▶ **GOAL OF THE EXERCISE**
Starting at the first line of the entries, extract each line up to and including the one that contains "A vibrant orange", but leave out the pictures.

▶ **DATA SECTION**
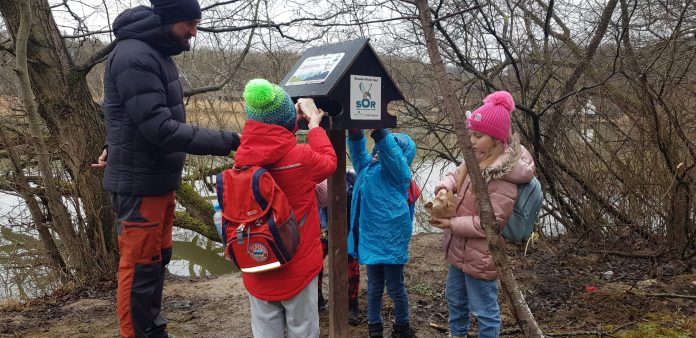 Persoană observând păsări ce iernează cu un binoclu, pe fundalul Muzeului ASTRA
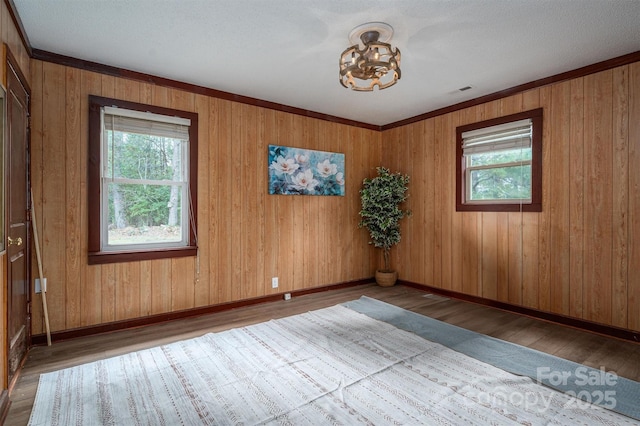 empty room with baseboards, a wealth of natural light, and wood finished floors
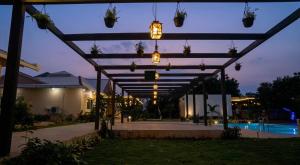 a pergola with potted plants and lights at night at Dharti in Moinabad
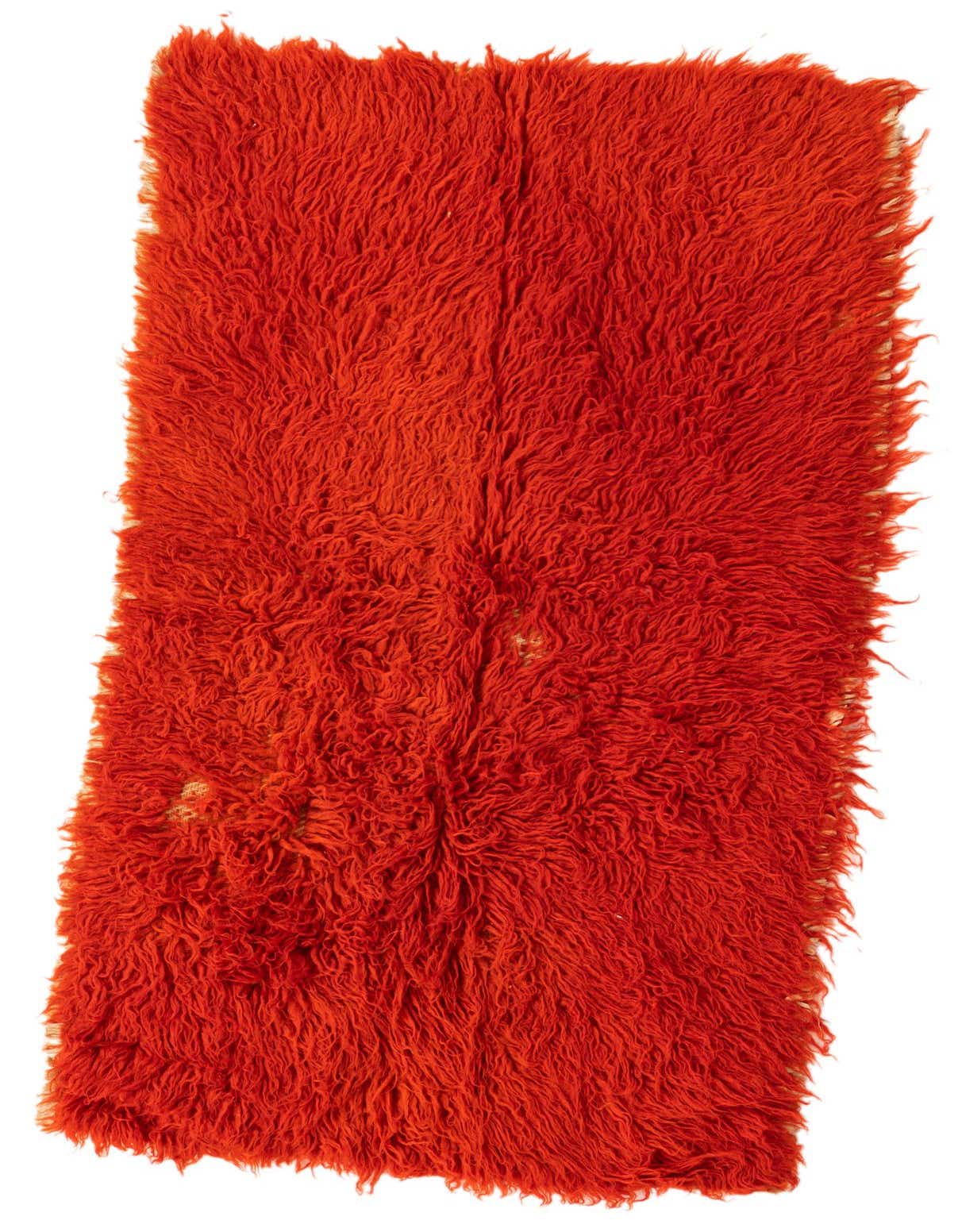A vibrant orange 3x4 rectangular shag rug with a thick, plush pile, showcasing its handmade texture.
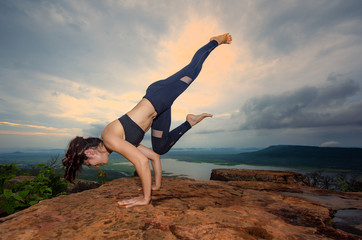 woman practice yoga training on the top peak of mountain, river and lake in background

▶ **ANSWER**
 Persoană observând păsări ce iernează cu un binoclu, pe fundalul Muzeului ASTRA
 empty room with baseboards, a wealth of natural light, and wood finished floors
 a pergola with potted plants and lights at night at Dharti in Moinabad
A vibrant orange 3x4 rectangular shag rug with a thick, plush pile, showcasing its handmade texture.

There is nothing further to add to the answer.